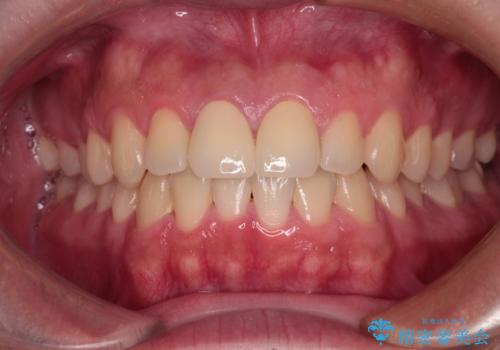 酔っ払ってぶつけた前歯 オールセラミッククラウンで自然な前歯にの治療後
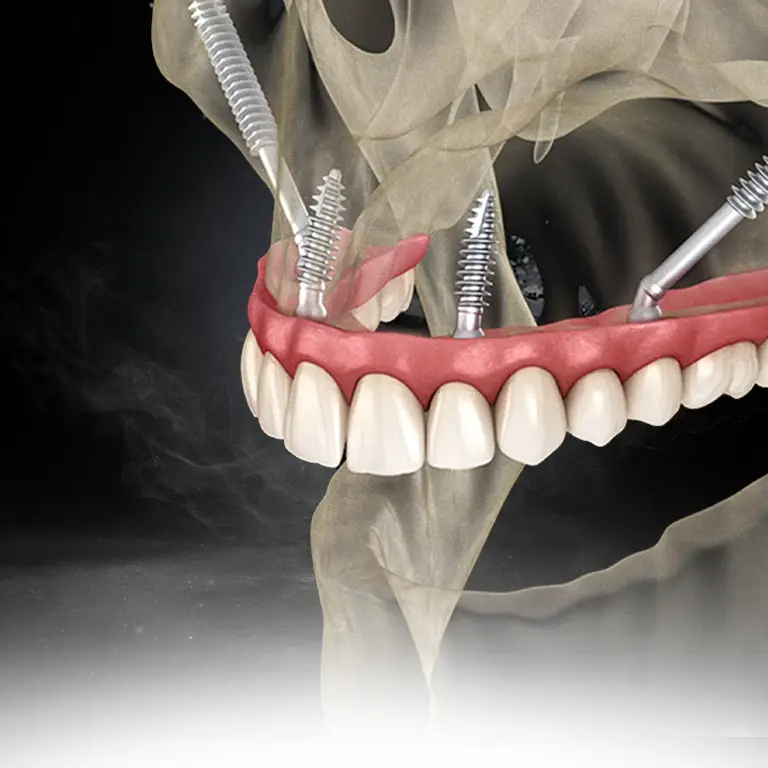 Zygomatıc Implants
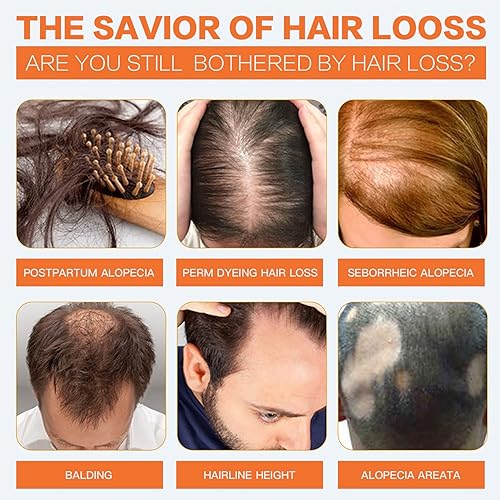 Miniatura 2 de Suero de crecimiento del cabello para mujeres negras con Chebe, suero de crecimiento del cabello de belleza, forma de producto natural para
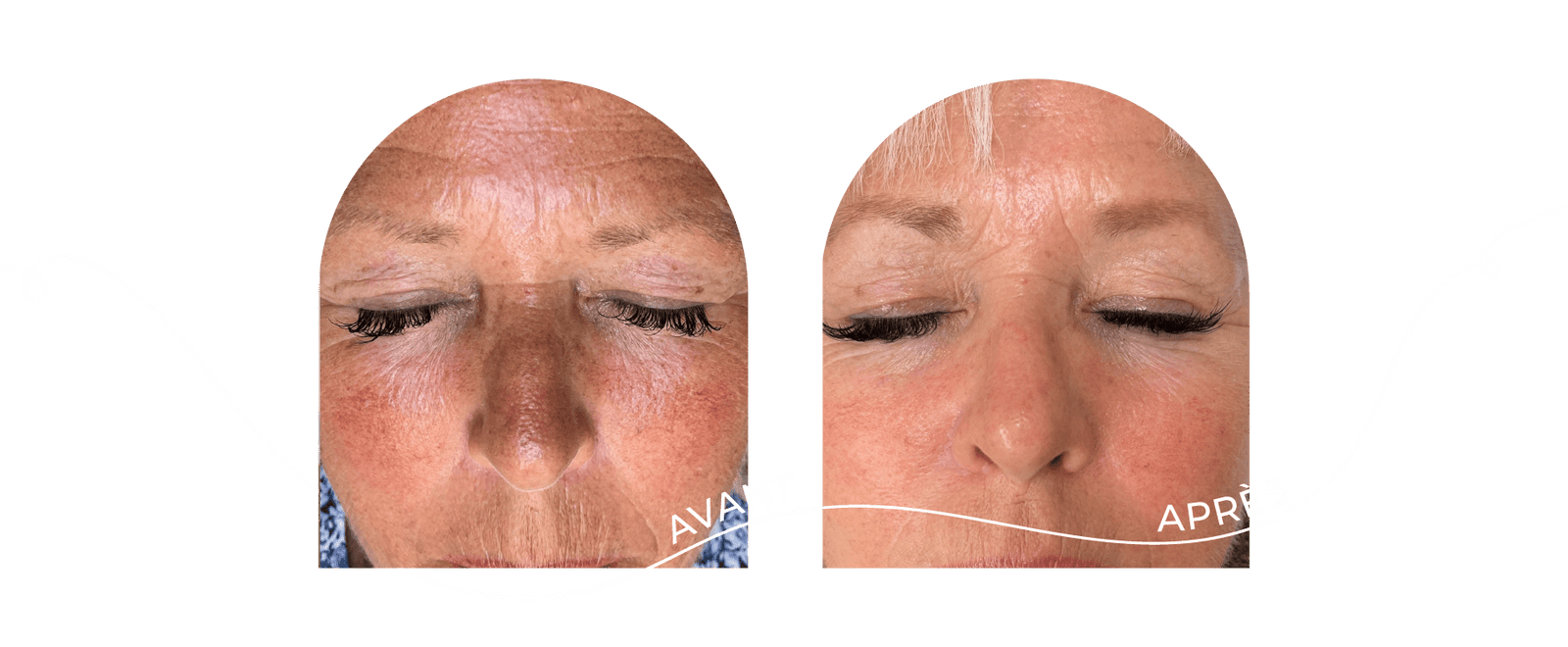 innovaderm-esthetique-rajeunissement-peau-avant-apres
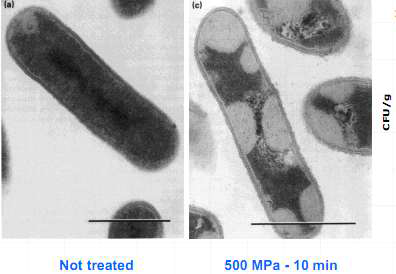 Listeria monocytogenes 전자현미경 사진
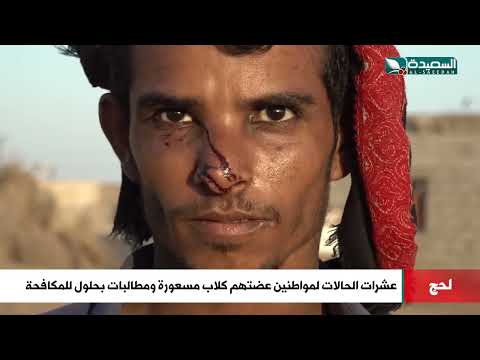 كلاب مسعورة ومشردة تعض عشرات المواطنين في تبن لحج ومطالبات بحلول للمكافحة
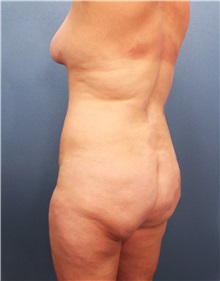 Liposuction Before Photo by Marvin Shienbaum, MD; Brandon, FL - Case 30070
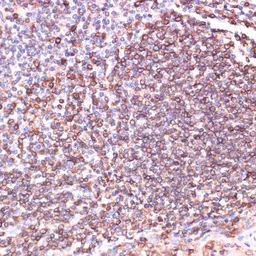 Anti-TPD52 antibody used in IHC (Paraffin sections) (IHC-P). GTX64664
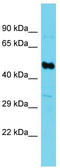 Succinate-CoA Ligase GDP-Forming Beta Subunit antibody, TA333887, Origene, Western Blot image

*****

ASSIGNMENT
Starting with the line that contains "كلاب مسعورة ومشردة" and ending with the last line of the material, every line must be written out exactly; no other lines and no pictures are wanted.

FINISHED EXERCISE
 كلاب مسعورة ومشردة تعض عشرات المواطنين في تبن لحج ومطالبات بحلول للمكافحة
 Liposuction Before Photo by Marvin Shienbaum, MD; Brandon, FL - Case 30070
 Anti-TPD52 antibody used in IHC (Paraffin sections) (IHC-P). GTX64664
 Succinate-CoA Ligase GDP-Forming Beta Subunit antibody, TA333887, Origene, Western Blot image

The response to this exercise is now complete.